Engineering Komagataella phaffii for citric acid production through carbon-conserving supply of acetyl-CoA

Abstract

The oxidative formation of AcCoA limits the glycolytic pathway yield (Yᴾ_GLY) for citric acid due to the NADH overflow and carbon loss as CO₂. An interesting approach to enhance product yields is the incorporation of carbon-conserving pathways. This study assesses the potential of a carbon-conserving AcCoA pathway, the glycolysis alternative high carbon yield cycle (GATHCYC), to improve citric acid production, utilizing the non-native citric acid producer Komagataella phaffii as an orthogonal test system. The combination of different metabolic engineering strategies enabled K. phaffii to acquire the ability to produce extracellular citric acid.
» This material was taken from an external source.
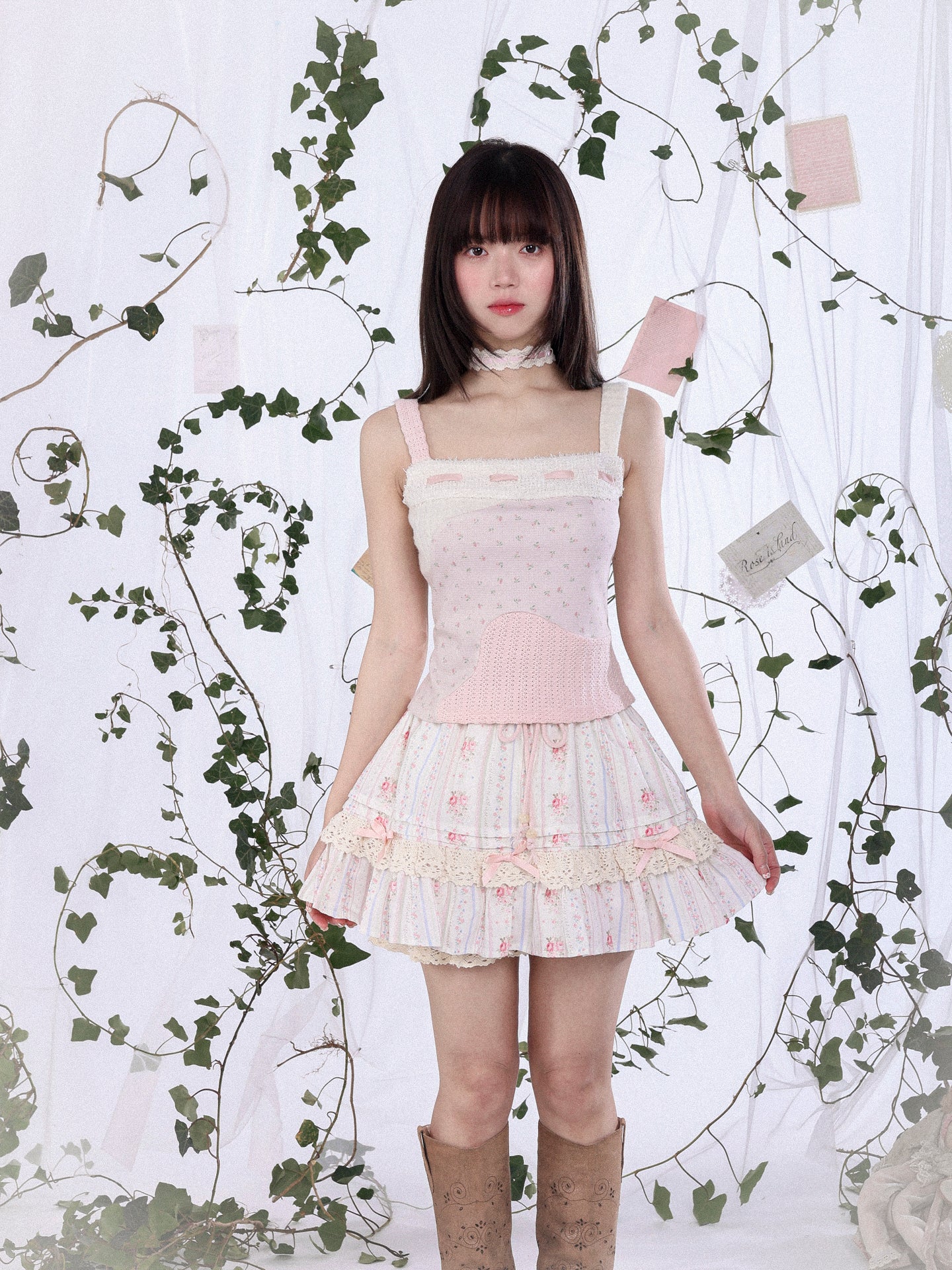 ROSE ISLAND Spring Bouquet Forest-Style Lace Floral Print Cotton Skirt Anti-Exposure Bloomers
By constructing the GATHCYC in the cytosol and peroxisomes, the intracellular concentration of AcCoA increased. Overexpression of the genes encoding pyruvate carboxylase (PYC2), citrate synthase (CIT2) and citrate exporter protein (cexA) in the peroxisomal AcCoA strains boosted the citric acid production. Thus, the best producer strain reached a citric acid titer of 51.3 ± 0.9 g L⁻¹ and a yield of 0.59 ± 0.01 g g⁻¹ after 76 h of glucose-limited fed-batch cultivation. Our results highlight the potential of using GATHCYC to provide an efficient supply of acetyl-CoA to enhance citric acid production. This approach could be exploited for the production of other AcCoA-derived compounds of industrial relevance in different cell factories.